What you should do -> Leaving out all pictures, transcribe exactly the lines between the line with "Doi directori RATB" and the last line of the records below, both included.

Information provided ->
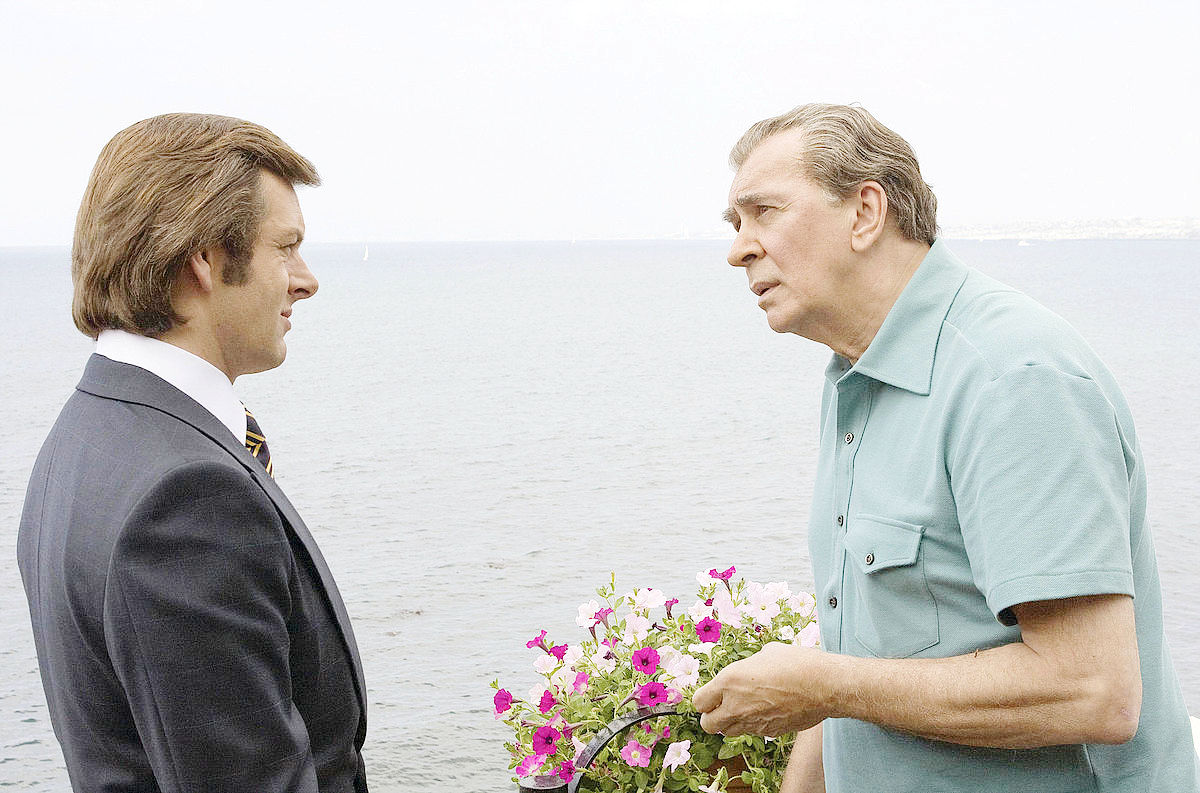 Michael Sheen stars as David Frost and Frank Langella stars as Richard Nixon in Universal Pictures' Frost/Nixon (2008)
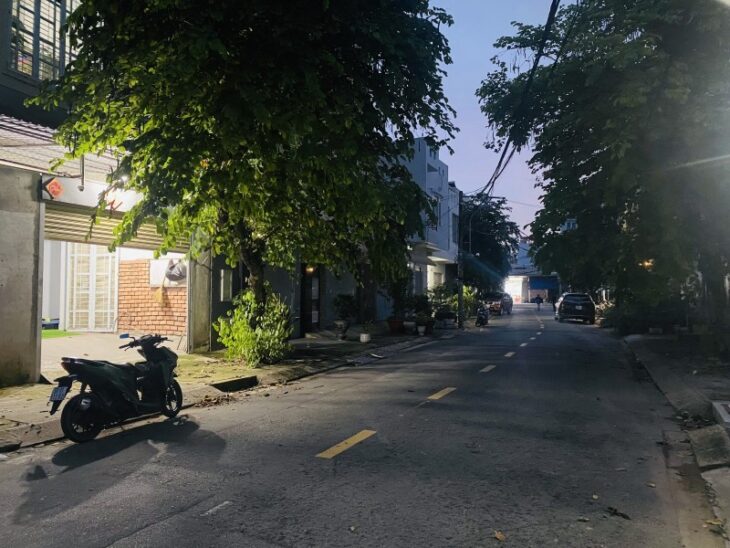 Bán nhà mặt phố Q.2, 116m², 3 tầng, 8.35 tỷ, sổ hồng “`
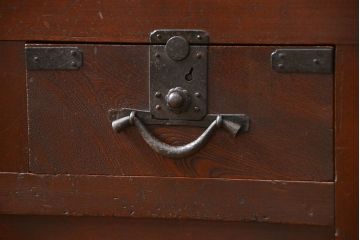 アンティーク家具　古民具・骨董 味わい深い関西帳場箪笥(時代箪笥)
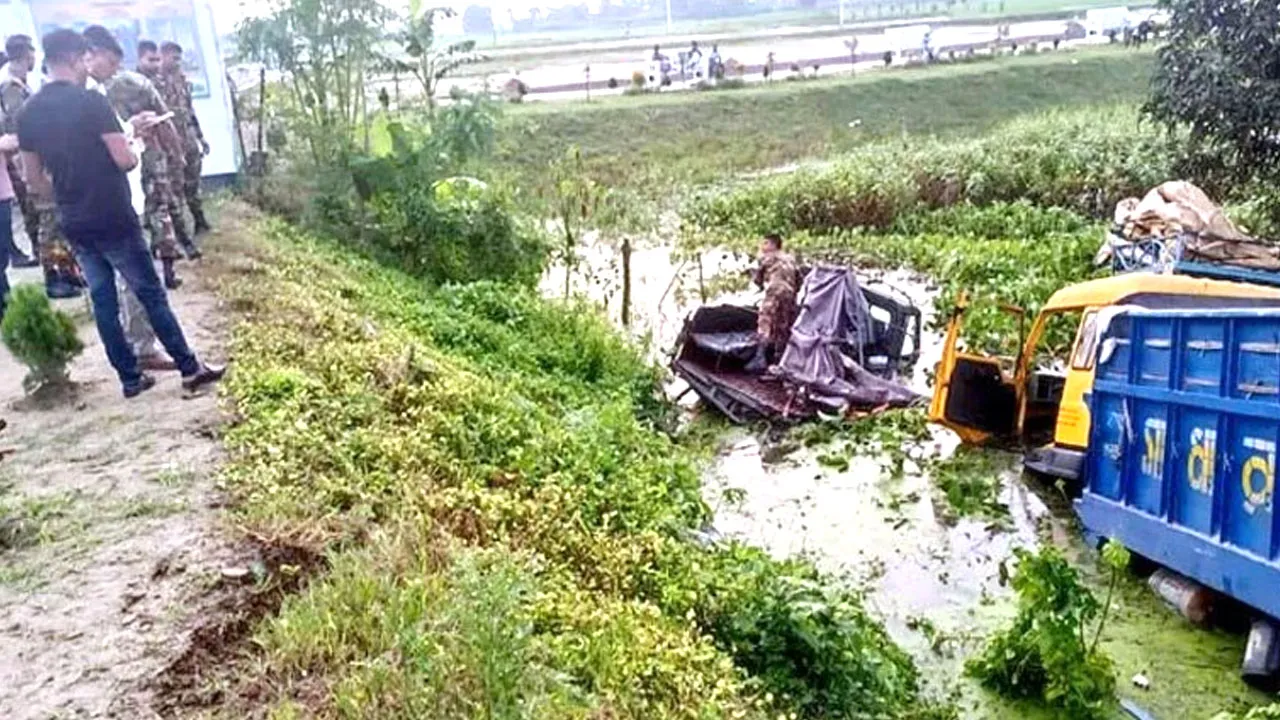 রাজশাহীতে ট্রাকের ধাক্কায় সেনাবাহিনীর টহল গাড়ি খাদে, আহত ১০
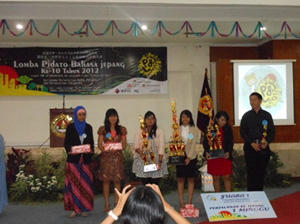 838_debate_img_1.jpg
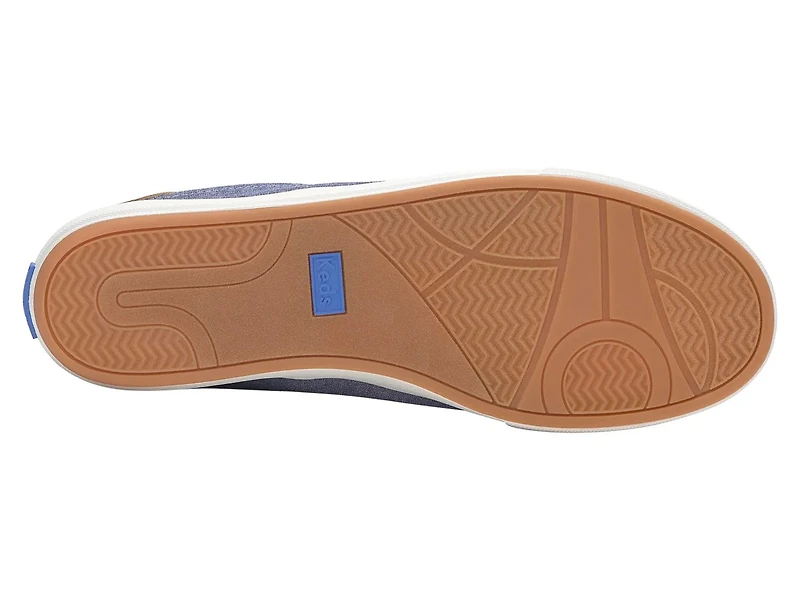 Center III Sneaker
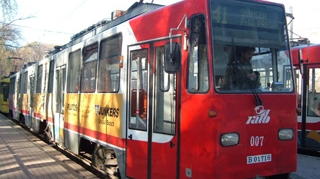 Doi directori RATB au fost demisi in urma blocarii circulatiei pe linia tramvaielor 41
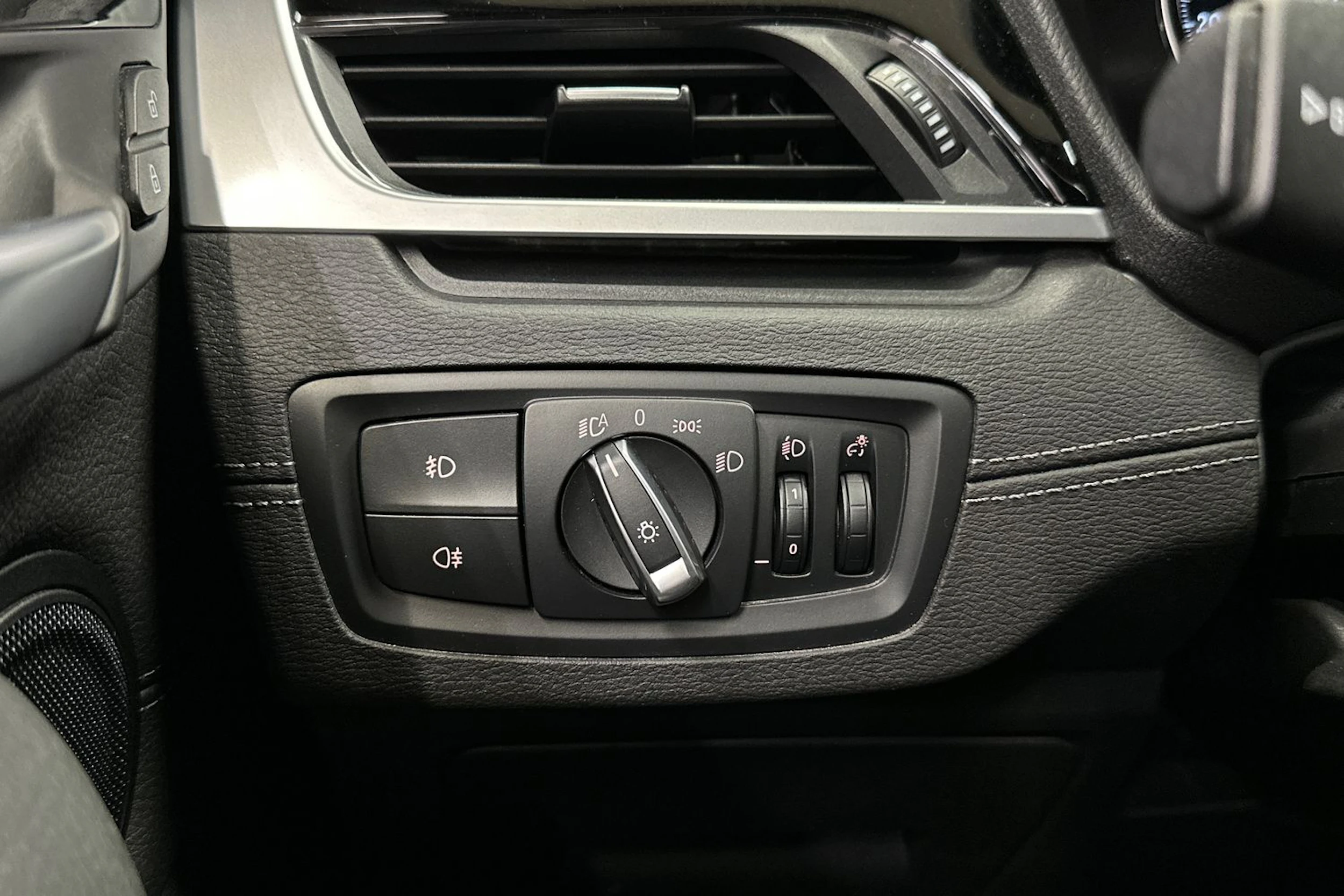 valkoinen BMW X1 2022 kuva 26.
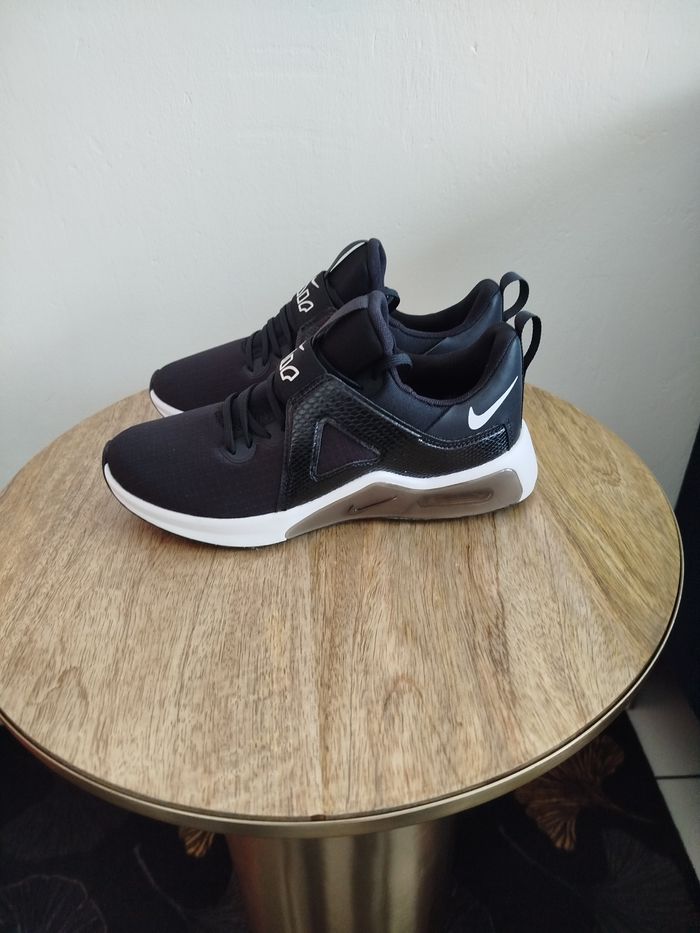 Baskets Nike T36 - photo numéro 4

Solution to the exercise ->
 Doi directori RATB au fost demisi in urma blocarii circulatiei pe linia tramvaielor 41
 valkoinen BMW X1 2022 kuva 26.
 Baskets Nike T36 - photo numéro 4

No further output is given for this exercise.